Given data Block Start

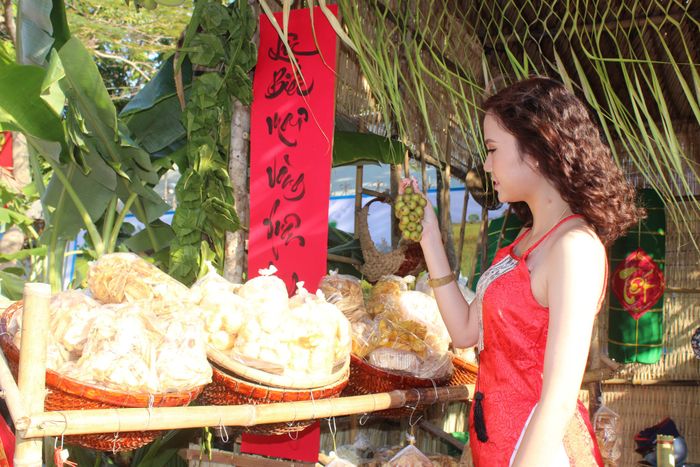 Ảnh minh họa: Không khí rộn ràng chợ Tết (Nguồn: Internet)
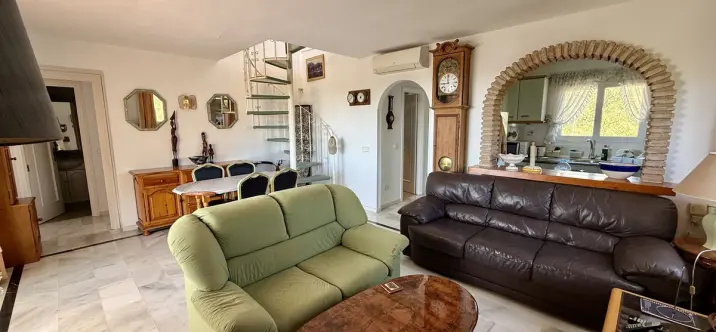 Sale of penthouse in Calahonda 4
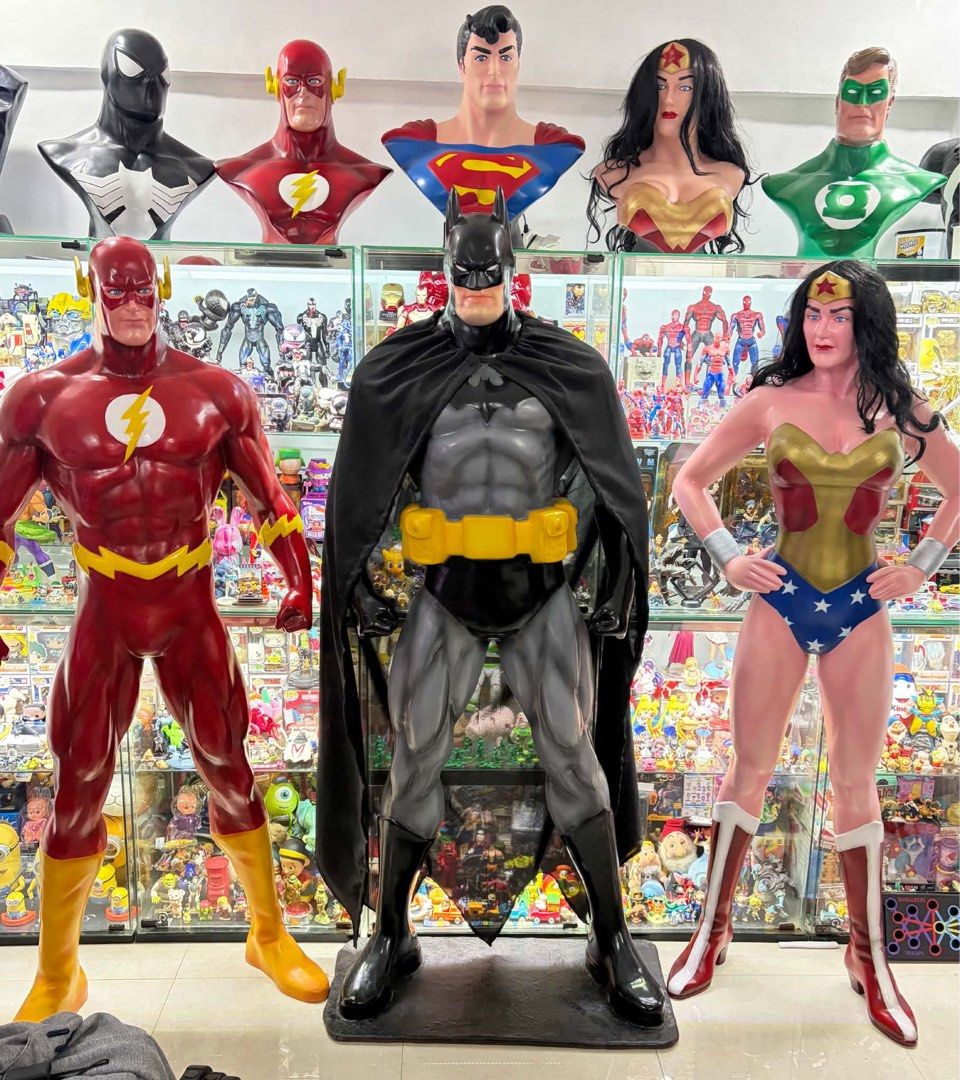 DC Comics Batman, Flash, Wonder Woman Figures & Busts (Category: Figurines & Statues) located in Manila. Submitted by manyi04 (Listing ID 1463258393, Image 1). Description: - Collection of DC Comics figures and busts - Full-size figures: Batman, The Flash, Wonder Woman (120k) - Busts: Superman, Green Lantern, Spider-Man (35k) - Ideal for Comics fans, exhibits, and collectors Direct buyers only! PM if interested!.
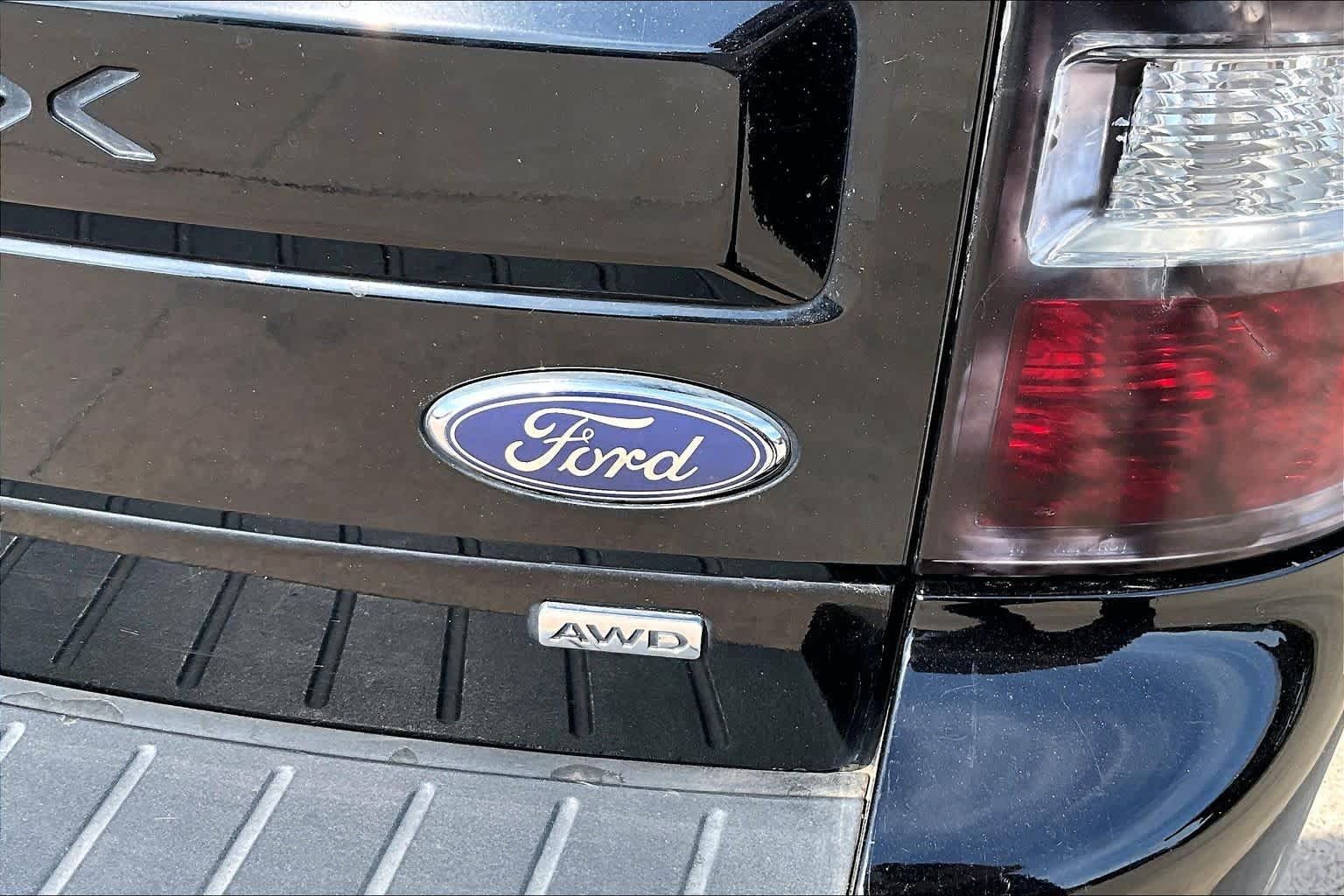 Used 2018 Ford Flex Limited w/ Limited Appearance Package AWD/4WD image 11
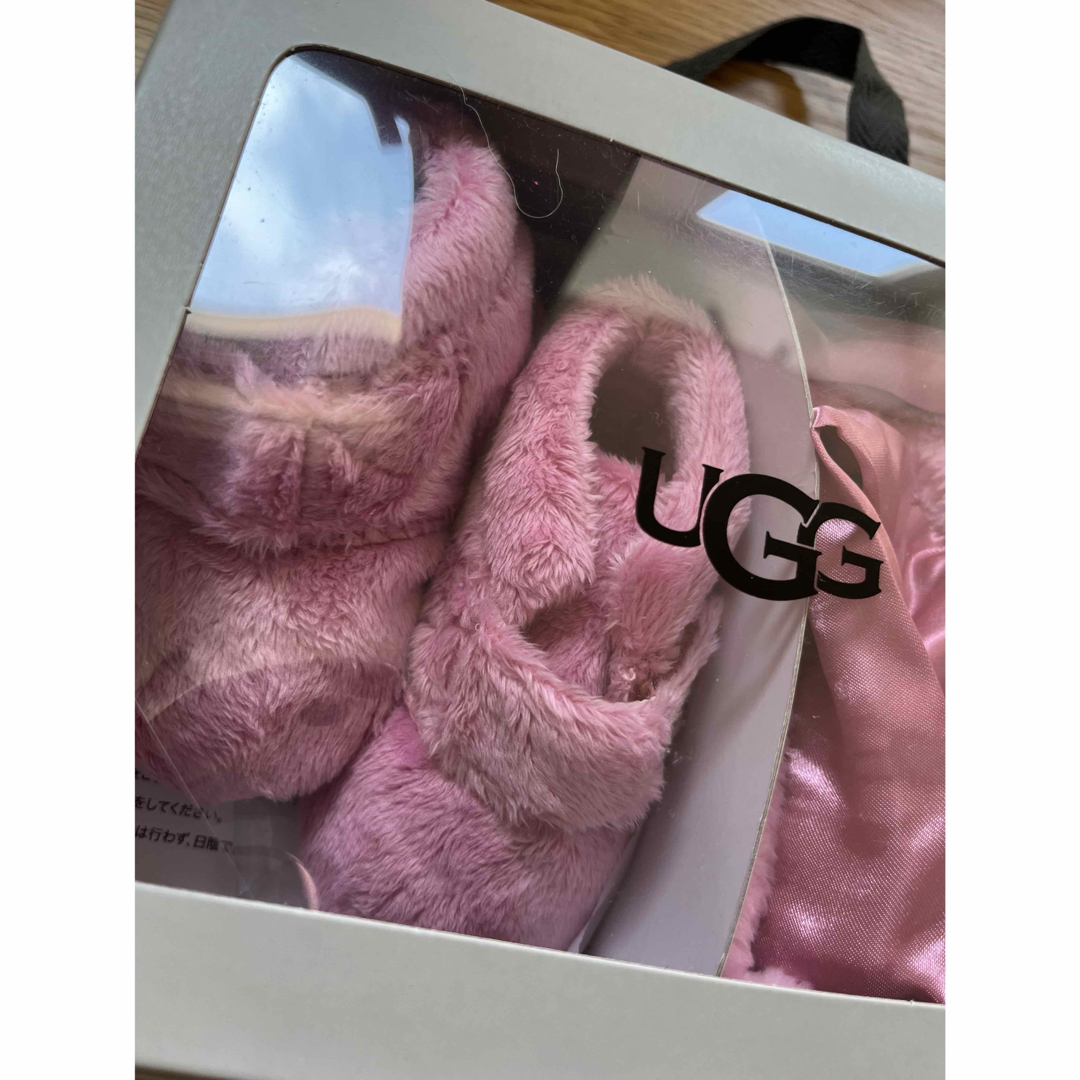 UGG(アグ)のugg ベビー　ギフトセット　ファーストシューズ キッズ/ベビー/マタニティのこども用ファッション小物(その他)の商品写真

Given data Block End

Take the lines from the one containing "DC Comics Batman, Flash, Wonder" through the last line of the listing and repeat them exactly. Omit the pictures.

 DC Comics Batman, Flash, Wonder Woman Figures & Busts (Category: Figurines & Statues) located in Manila. Submitted by manyi04 (Listing ID 1463258393, Image 1). Description: - Collection of DC Comics figures and busts - Full-size figures: Batman, The Flash, Wonder Woman (120k) - Busts: Superman, Green Lantern, Spider-Man (35k) - Ideal for Comics fans, exhibits, and collectors Direct buyers only! PM if interested!.
 Used 2018 Ford Flex Limited w/ Limited Appearance Package AWD/4WD image 11
 UGG(アグ)のugg ベビー　ギフトセット　ファーストシューズ キッズ/ベビー/マタニティのこども用ファッション小物(その他)の商品写真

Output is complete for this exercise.